Deborah Ross

Where is he now

issue 28 July 2012

In the late 1960s, a Mexican-American singer-songwriter is signed to a record label after two Motown producers see him performing in a seedy Detroit dive called The Sewer. He delivers two albums, which receive rave reviews (he is compared to Bob Dylan; some say he is better than Bob Dylan), but nobody buys them, so he drops from sight, and would have stayed dropped from sight, but for one remarkable twist: unbeknownst to him, particularly as he never saw any royalties, he had become a massive hit in apartheid-era South Africa, outselling both Elvis and the Rolling Stones. The artist is Sixto Rodriguez and this film, his story, is the best, most touching, most humbling documentary I’ve ever seen about a musician I’ve never heard of.
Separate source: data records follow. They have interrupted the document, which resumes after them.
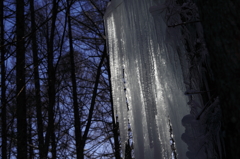the midwinter_12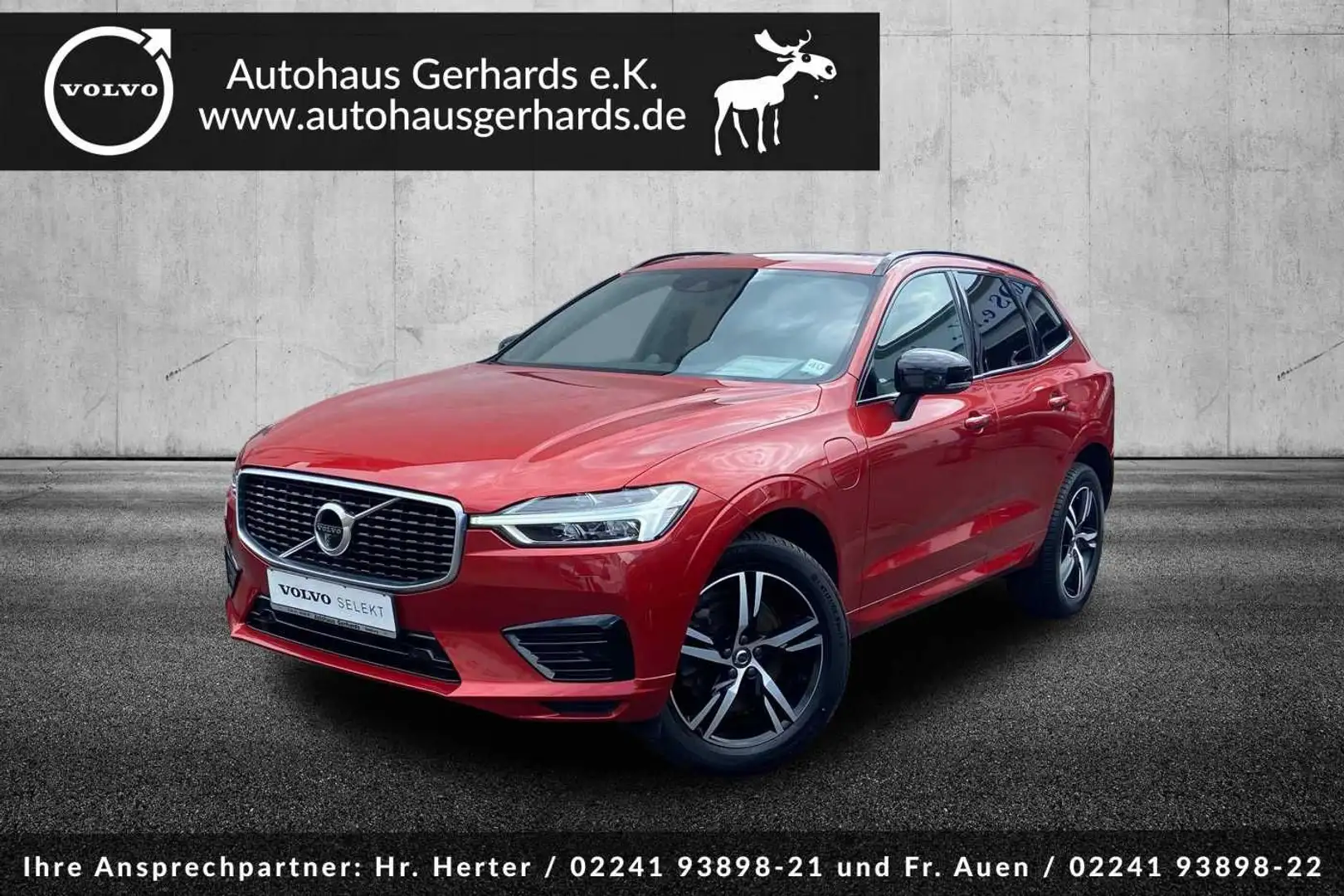 Volvo XC60 Plug-In-Hybrid T8 AWD, R-Design, ACC, BLIS, Rot - 1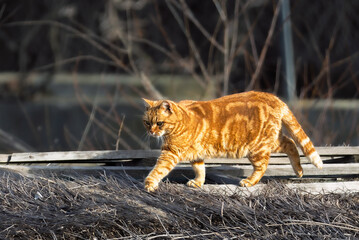 close-up of a cat in the Camargue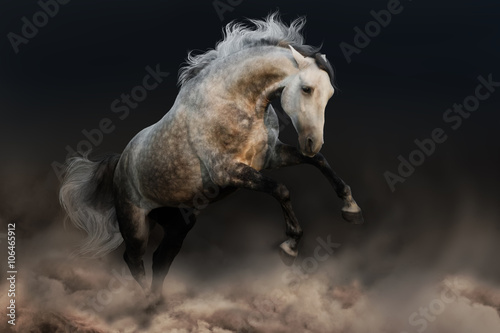 Grey andalusian horse run in desert storm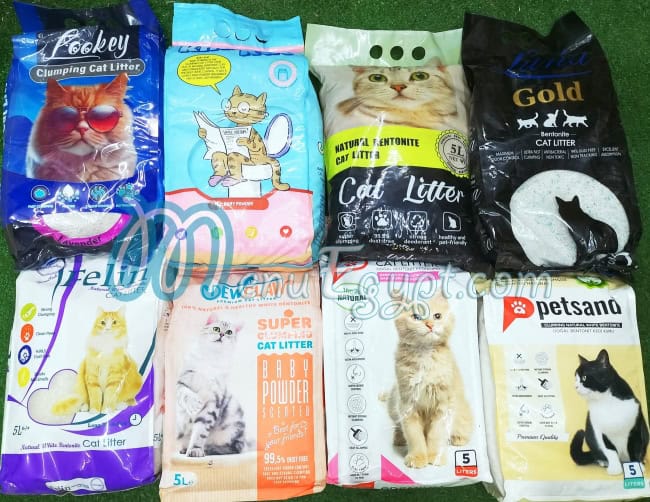 رقم باجي  بيت شوب مصر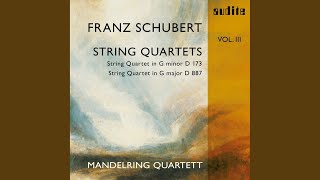 Famous String Quartet in G Minor, D. 173: IV. Allegro Wealth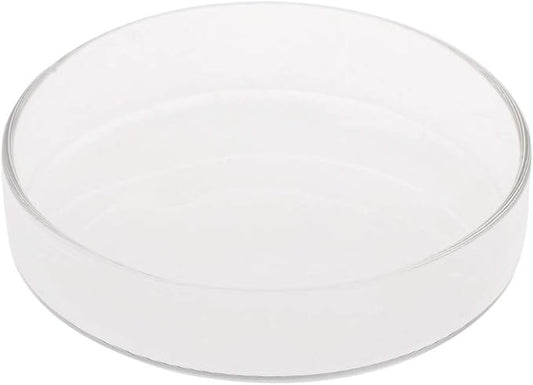 Aquarium Fish Tank Shrimp Feeding Food Dish Bowl Feeder Tray Container Glass Shrimp Feeding Dish for Shrimp Food (9cm/3.54in)
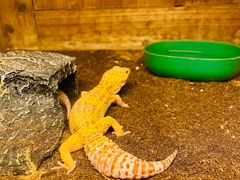 -上海大自然野生昆虫馆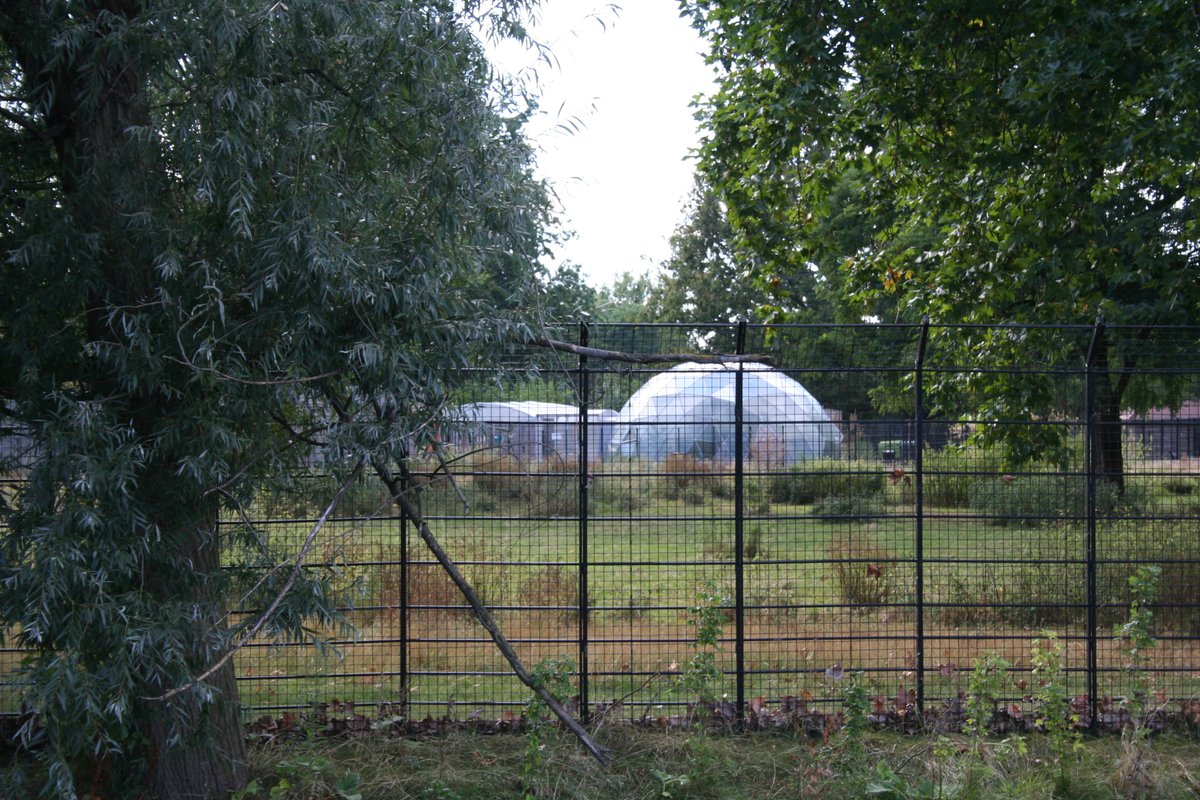 Geoff Nicholson tweet media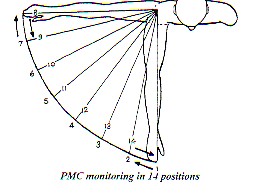 14 Muscle positions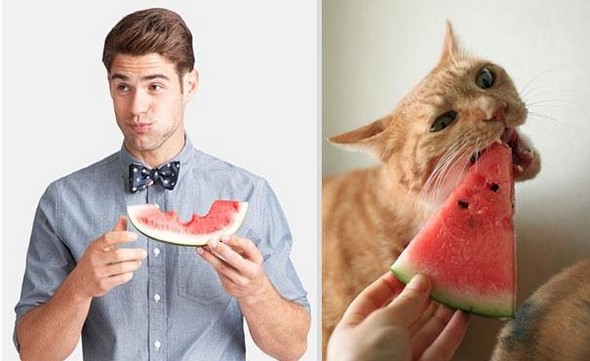 10 diptychs of hot guys and kittens 03 in Handsome Studs or Tame Kittens?!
Further, I would also venture it may well be the best, most touching, most humbling documentary about a musician you’ve never heard of, too. I don’t know what makes me think this, I just do.

Made by the Swedish documentary maker Malik Bendjelloul, whose grip on storytelling is sure, this works equally well as detective story, personal portrait and study of a particular time in history. Rodriguez did not sing about the pretty things of life, nor did he have a pretty life. People who knew him in Detroit, back in the day, assumed he was ‘a homeless person.’ The first track on his first album, Cold Facts, is ‘Sugar Man’, a bleak portrait of a drug dealer and his clients. Other songs, like ‘I Wonder’ and ‘Inner City Blues’ addressed social, political and racial inequities.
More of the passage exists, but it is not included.